Tengo familia marbellera. Lo de marbellíes fue un invento chic, de mediados de los 70, buscando un gentilicio más moderno y menos de pueblo. Lo de marbellíes fue, a fin de cuentas, para ir denominando a todos aquellos que iban llegando, poco a poco, a la localidad costasoleña y que se sentían poco identificados con los nativos del pueblo: pescadores, albañiles, gentes de mil oficios.
Me hablaba mi madre, en una ocasión, de la Marbella que fue. La de los sesenta. La de las tasquitas en la Plaza de los Naranjos. El pequeño pueblecito al que se iban acercando, ya por entonces, algunas celebridades buscando aislarse del mundo. De ahí que me venga a la cabeza una frase de Lolita Flores: "No voy a Marbella porque no es la que conocí".

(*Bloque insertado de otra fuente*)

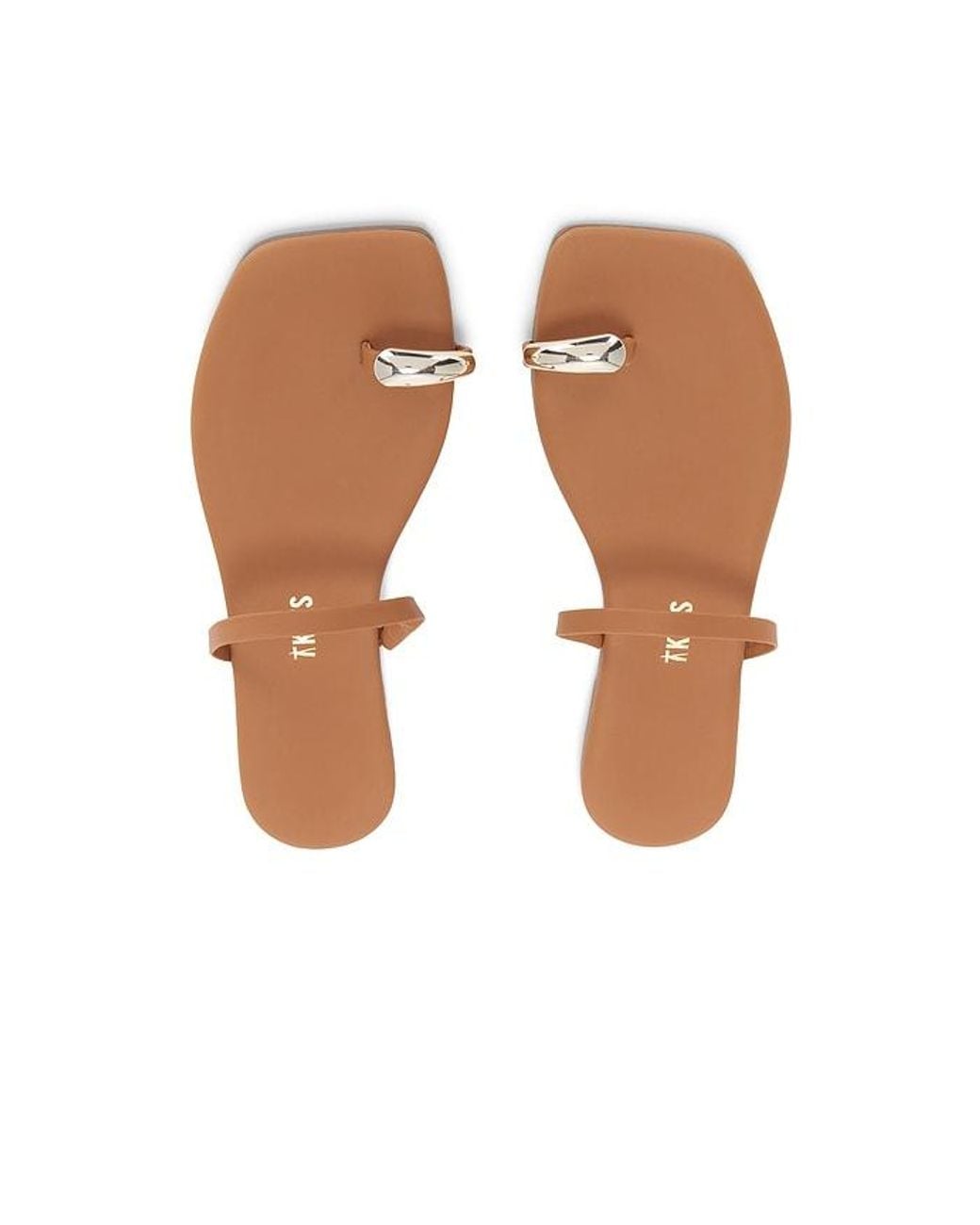 TKEES White Colette Sandal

La Marbella que todo el mundo conoce es la de los yates en el puerto, la de los petrodólares -con un tal Osama Bin Laden viviendo noches locas a la orilla del Mediterráneo-, el famoseo más pedante y petardo y Jesús Gil. Bastó que este último y sus adláteres prometiesen que Ceuta sufriría un cambio como el de Marbella para que, en frío, decidiera que aquello no iba conmigo. Porque aunque ahora nadie parezca haberles votado -serían los avatares, en una peculiar versión primigenia de la peli de James Cameron-, en Ceuta goberno el G.I.L. Y, se quiera o no, Antonio Sampietro fue alcalde de mi pueblo.

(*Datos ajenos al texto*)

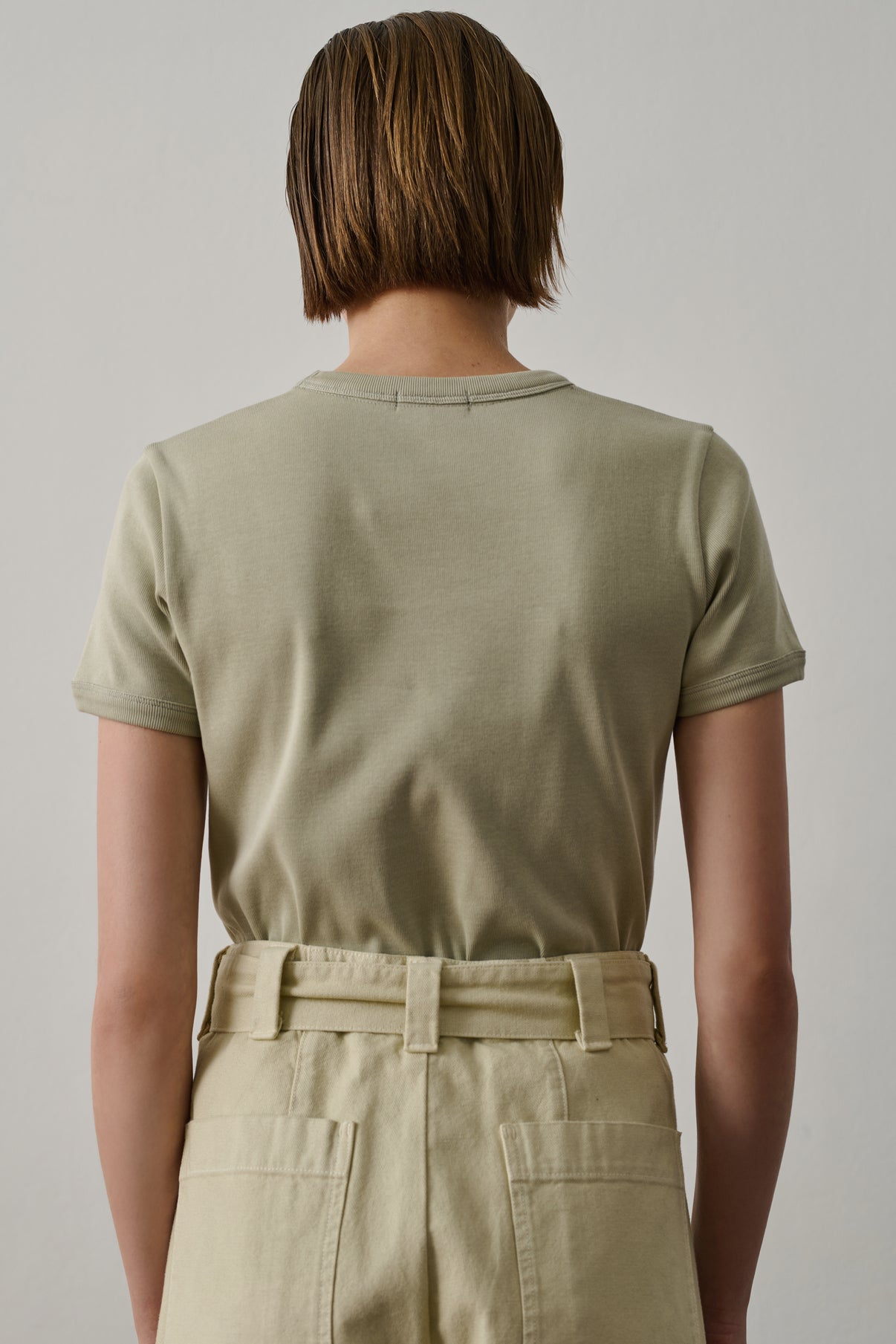 Tee-Shirt Aristide - Amande - Coton - Femme vue 2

La Marbella de los marbelleros, en la que se crió y fue preso -cosas de la guerra- mi abuelo, fue bastante más sencilla. Gente que tiene poco, pero sudado; hombres que sellaban tratos con un apretón de manos y que en su fuero interno considerarían de mal gusto aquello del notario.
Nunca me gustó esa Marbella de impresionantes chalets, descapotables y casas de restauración rápidas. Nunca me gustó esa Marbella de modelos, famosos de medio pelo y excentricidades. Porque me hablaron, y yo conocí sus restos, de una Marbella humilde, obrera, familiar.
Marbella ardió en el fuego una y mil veces: el fuego de la corrupción -que ahora se extiende por toda España-, el fuego de haberse convertido en una pequeña Sodoma, el del cobijo de personajes a los que ninguno querríamos por yerno. El fuego del dinero fácil, de la especulación y el desarrollo mal entendido.
Hoy, arden Marbella y sus alrededores. Fisicamente. Municipios como Coín, Ojen o Alhaurín, el hermoso Alhaurín, vuelven a ser portada pero no por las corruptelas o las tetas de tal petarda, sino porque el hombre sigue siendo el ánimal más imbécil del mundo. El único que trabaja para comer, oculta su desnudez o es capaz de matar a sus hijos y quemar sus montes por una venganza.
Me duele la Costa del Sol, como me han dolido León, el Ampurdá o Valencia este verano. Me duele pensar que, en el fondo, seguimos siendo la España negra: ya no matamos al clan rival en Puerto Hurraco, pero porque nos da la gana o por putear al alcalde quemamos siglos de vegetación.
Dicen que el fuego purifica y que de las cenizas hacia arriba sólo se puede construir. Estoy convencido de que así será. Marbella, la de los marbelleros -madrugón, ducha rápida, cafelito y a currar- lleva décadas demostrándolo.